27 jun 2014

PISA y la información incómoda

La publicación hace unas semanas de una carta abierta a Andreas Schleicher, rostro visible de PISA (y de INES, el menos polémico programa de indicadores de la OCDE), por Heinz-Dieter Meyer y otros 82 académicos, ha dado un aliento en España al malestar sobre la evaluación del los sistema educativo. Según los autores, PISA perjudica a los niños, empobrece las aulas, quita autonomía a los profesores, eleva el estrés y pone en peligro el bienestar de todos, etc., aparte de estar secretamente manipulado Pearson y costar una fortuna que podría emplearse mejor.
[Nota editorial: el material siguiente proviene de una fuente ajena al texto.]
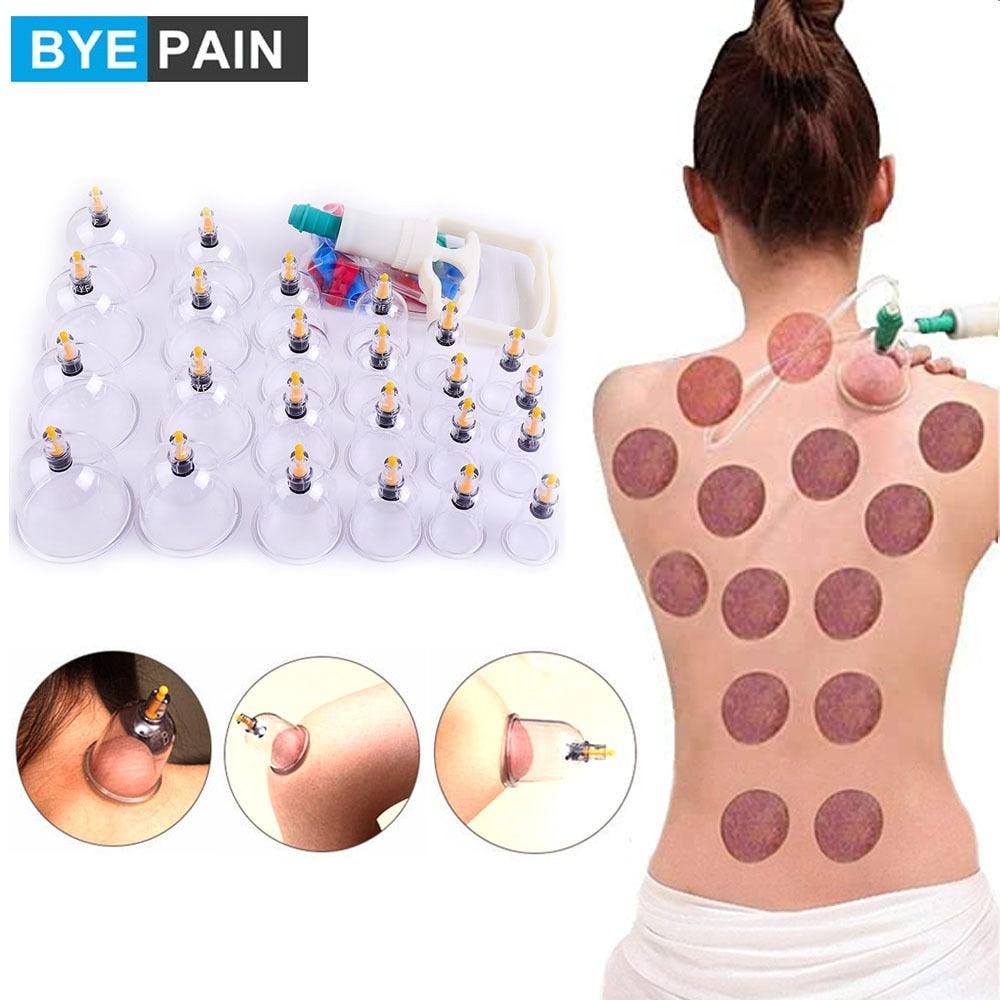 Set Terapia CUPPING Ventosas Chinas Comfort – Confort Orthopédique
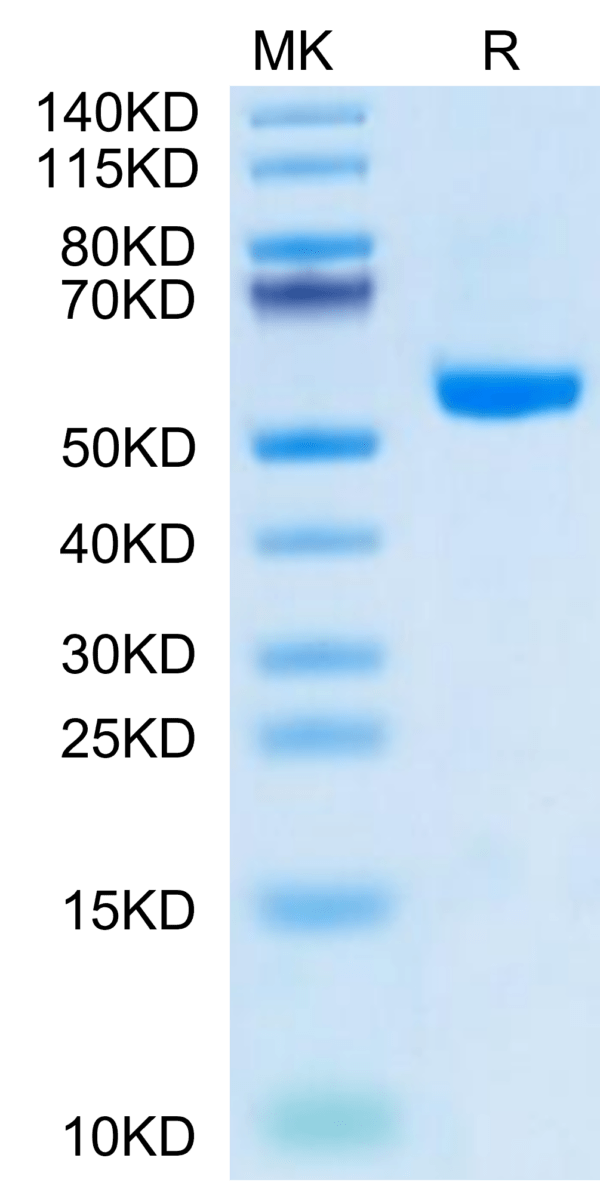 SDS-PAGE gel of Human HLA-A*02:01&B2M&HPV 16 E6 (KLPQLCTEL) Monomer Pro 2749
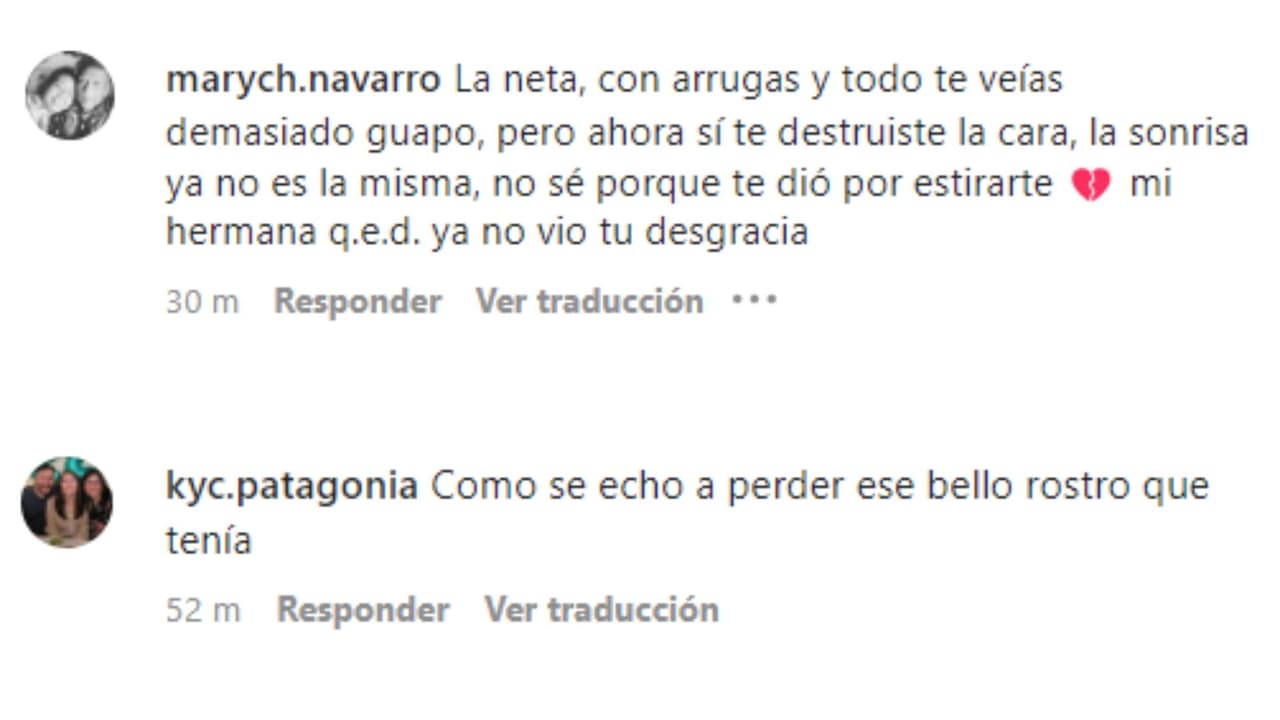 Fans de Chayanne creen que usó bótox y reaccionaron en redes sociales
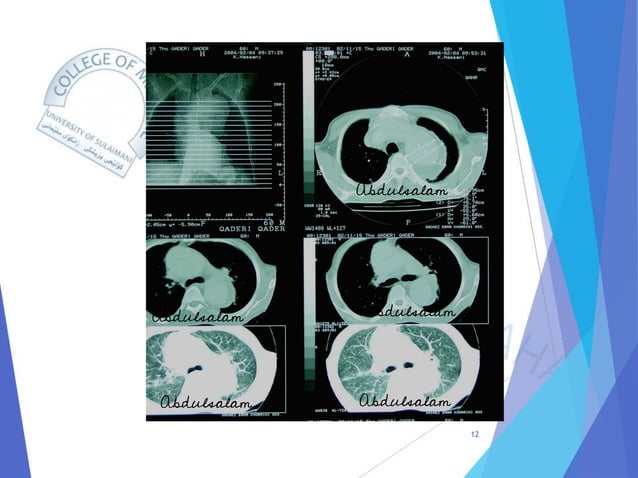 Radiology of Thoracic Aortic Aneurysms.pdf
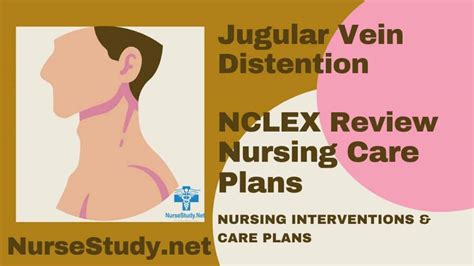 Jugular Vein Distention JVD Nursing Diagnosis and Nursing Care Plan ...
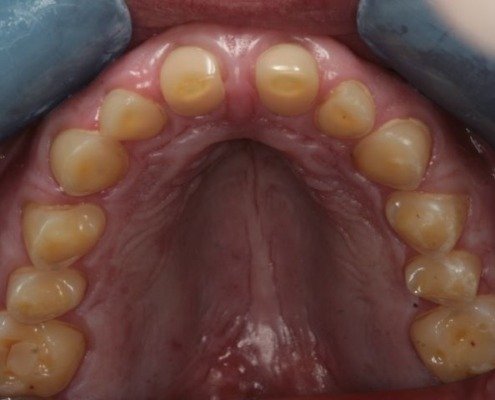 erosion dentaire Mont-sur-Lausanne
Ni que decirse tiene que esta catilinaria ha encontrado eco aquí, en particular en la pedagogía y en una parte del profesorado.
Es de rigor decir que toda evaluación cuantitativa tiene insuficiencias y riesgos. Insuficiencias, al menos, por dos motivos: primero, porque al buscar la comparabilidad de países, centros o alumnos perdemos la riqueza de cada singularidad; segundo, porque el número de elementos a evaluar es necesariamente limitado. Dos centros, por ejemplo, pueden arrojar similares resultados por distintos motivos y estos escapar a los mecanismos de detección de la prueba o encuesta. Y, por supuesto, en la educación hay otras cosas que valorar y, en su caso, medir que el nivel de competencia en lengua, matemáticas y ciencias.
Pero, dicho esto, rechazar un instrumento como PISA es como si un padre no quisiera saber el peso de su hija porque hay otros factores a considerar, por ejemplo la estatura, musculatura, el índice de masa corporal, etc., etc., por no hablar ya de la inteligencia, la felicidad, la integración...  De hecho, además de medir competencias en pruebas, PISA hace un esfuerzo cada vez más mayor por registrar toda otra serie de variables individuales, del centro, del entorno social, etc. Además, la OCDE patrocina otras pruebas sobre adultos (PIAAC) y profesores (TALIS) y otros indicadores de la educación (INES).
Por otro lado, los riesgos estriban sobre todo en lo que se conoce como Ley de Campbell, es decir, en que el sistema, los centros o los profesores tomen los indicadores como único criterio y centren su esfuerzo sólo en mejorarlos, descuidando lo demás. Pero es como el riesgo de que un fabricante sacrifique la calidad al precio, un político el futuro al voto o un padre la educación a la gratificación inmediata de sus hijos. O confiamos en que no será así, o creamos las condiciones para que no pueda serlo.
PISA debe ser valorado dentro del panorama de conjunto de la educación, en nuestro caso contra un fondo del que yo destacaría dos cosas que nos ayuda a afrontar: su alarmante mediocridad y su absoluta opacidad. En el primer aspecto, lo que PISA aporta no es tanto exponer nuestros mediocres resultados en esas pruebas como la falta de correspondencia entre ellos y la catástrofe en términos de abandono, fracaso y repetición. Es esto, que ya estaba ahí y era bien conocido, lo que verdaderamente debe preocuparnos. España es mediocre en PISA, pero encabeza las listas de abandono, fracaso y repetición, y lo primero no justifica lo segundo, cosa que sólo sabemos gracias a PISA
En el segundo aspecto, el sistema español posiblemente sea hoy el más opaco de su entorno. La información que el público tiene de los centros es poco más que nula, la retroalimentación que los profesores reciben de sus colegas y directores es extraordinariamente escasa, la capacidad de las autoridades gubernamentales de reunir datos sistemáticos está al albur de la no siempre buena voluntad de las autonómicas, y la dificultad de los investigadores para obtener una colaboración siquiera pasiva de los actores es cada vez mayor.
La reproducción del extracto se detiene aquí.